Meta-analysis aggregates results across many experiments to answer questions no single test can: "Does this pattern work on average?", "How much does it vary across contexts?", and "What is the base rate of winners in our program?" For experimentation teams that have run dozens to hundreds of tests, meta-analysis turns the archive from a museum into a prediction engine.

Also Known As

  • Data science: cross-experiment analysis, hierarchical meta-analysis
  • Growth: program-level learning, portfolio analysis
  • Marketing: pattern mining across tests
  • Engineering: aggregated effect estimation

How It Works

You collect effect sizes and standard errors from 40 past tests on homepage hero changes. Fit a random-effects meta-analysis model: pooled effect = +1.8% [95% CI: +0.9%, +2.7%], between-test standard deviation tau = 2.5%. Interpretation: on average, hero changes lift conversion ~2%, but heterogeneity is large — any given test could return anywhere from -3% to +7% with reasonable probability. Base rate of "real winners" in this class is ~45%. Next time a stakeholder argues that a new hero change will lift conversion 10%, the prior says otherwise.

Meta-regression extends this by modeling effect as a function of test features (desktop vs mobile, product category, test duration) to find systematic moderators.

Best Practices

  • Log effect size, SE, and metadata for every test — the archive is only as good as its structure.
  • Use random-effects models unless you have strong reason to assume constant effects (you don't).
  • Check for publication bias — are "failed" tests actually logged, or do they disappear?
  • Report heterogeneity (I² or tau) alongside pooled effects. An average hides everything.
  • Use meta-analytic priors for future test planning — this is where meta-analysis repays its cost.

Common Mistakes

  • Combining tests on incommensurable metrics. Adding effects across unrelated metrics gives nonsense.
  • Ignoring heterogeneity. A pooled "+2%" is misleading if half the tests lost and half won by 10%.
  • Not logging failures. Meta-analysis on only "significant" results wildly overestimates program effectiveness.

Industry Context

In SaaS/B2B, meta-analysis tells you which classes of test actually move the needle historically — invaluable for roadmap prioritization under traffic constraints. In ecommerce, it reveals which merchandising patterns are durable across seasons versus seasonal noise. In lead gen, meta-analysis across campaigns separates repeatable lifts from lucky one-offs.

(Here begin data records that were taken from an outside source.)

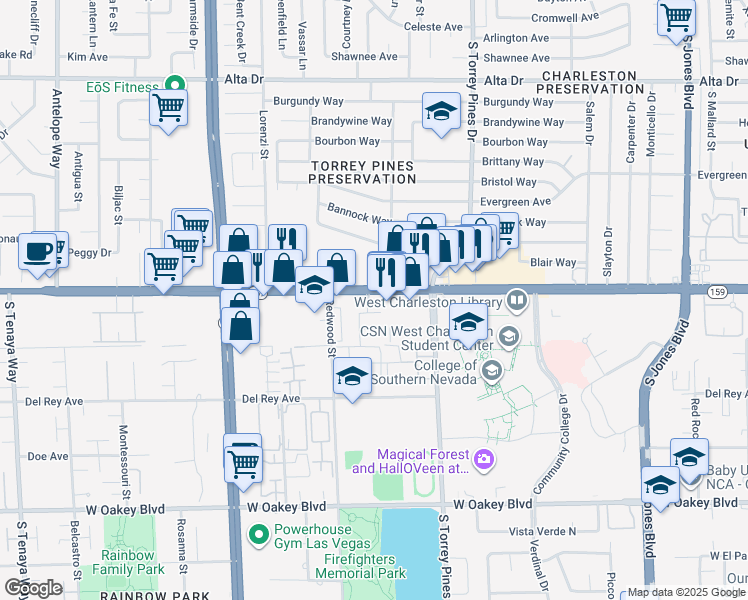 map of restaurants, bars, coffee shops, grocery stores, and more near 6501 West Charleston Boulevard in Las Vegas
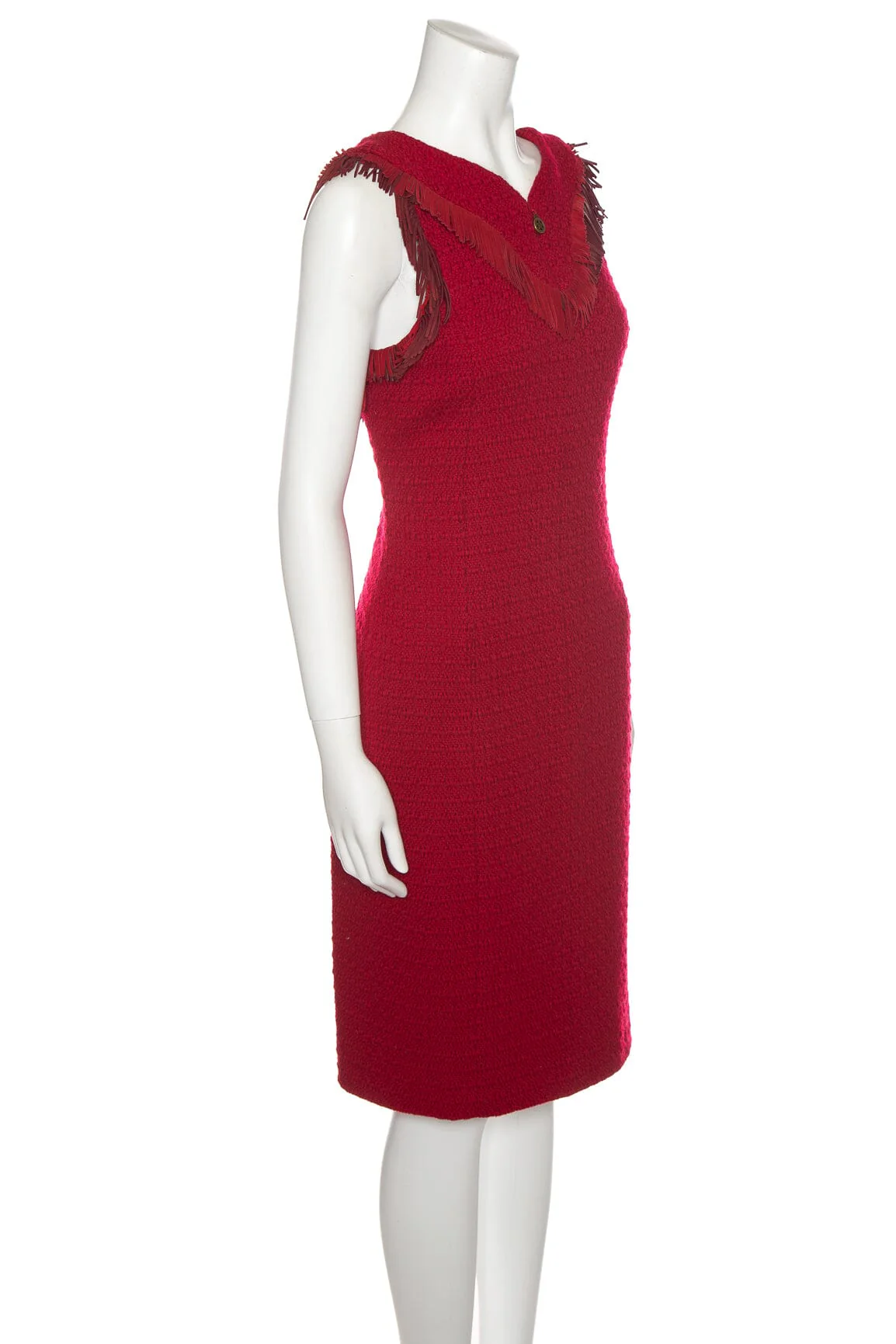 Chanel Red Tweed Sleeveless Knee Length Fringe Collar Dress SZ 42 - Image 2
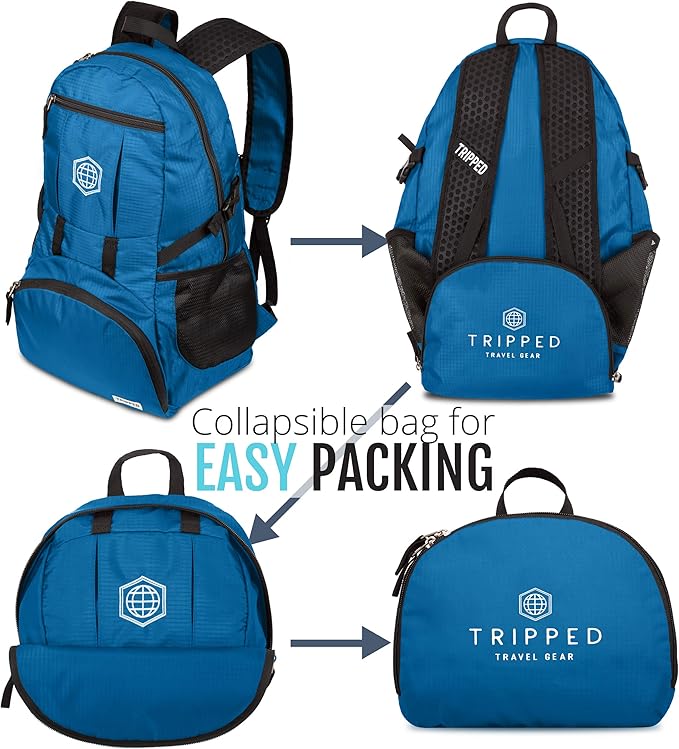 TRIPPED Travel Gear Traveling Backpack- Foldable Collapsible Lightweight Backpack for Travel (Light Blue) 35 liters
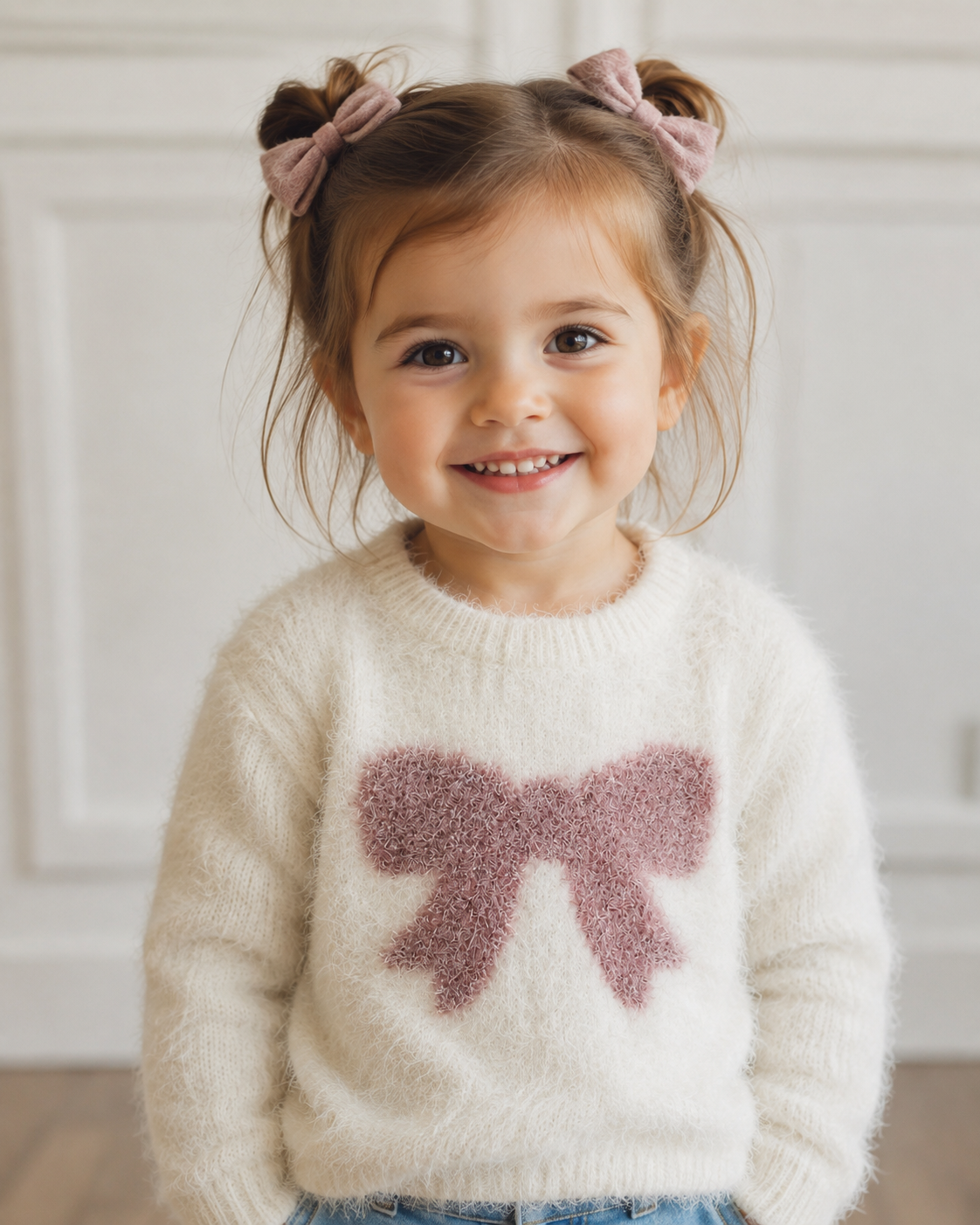 Gardenia Pink Bow Fuzzy Sweater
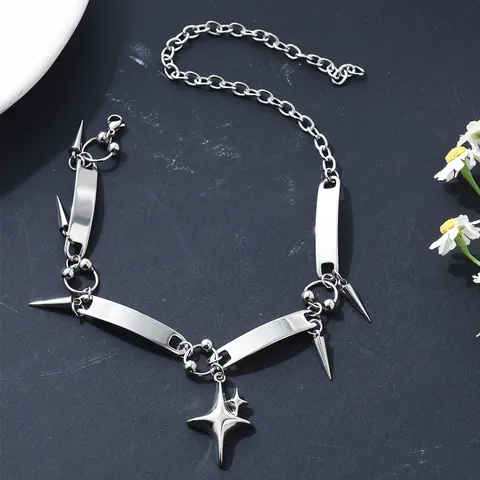 Punk Stainless Steel Starburst Rivet Tassel Choker Necklace For Women Men Silver Geometric Star Pendant Neck Chain Jewelry Gift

The Behavioral Science Connection

Meta-analysis is the antidote to vividness bias — the tendency to overweight the single memorable win from last year. The archive is boring; the stories are exciting. Meta-analysis turns the archive into stories with honest statistics attached, resetting program priors toward reality.

Key Takeaway

Every mature experimentation program should have a meta-analysis practice. Without it, the team relearns the same lessons every 18 months, loses institutional memory during reorgs, and prices new tests based on the loudest story rather than the historical truth.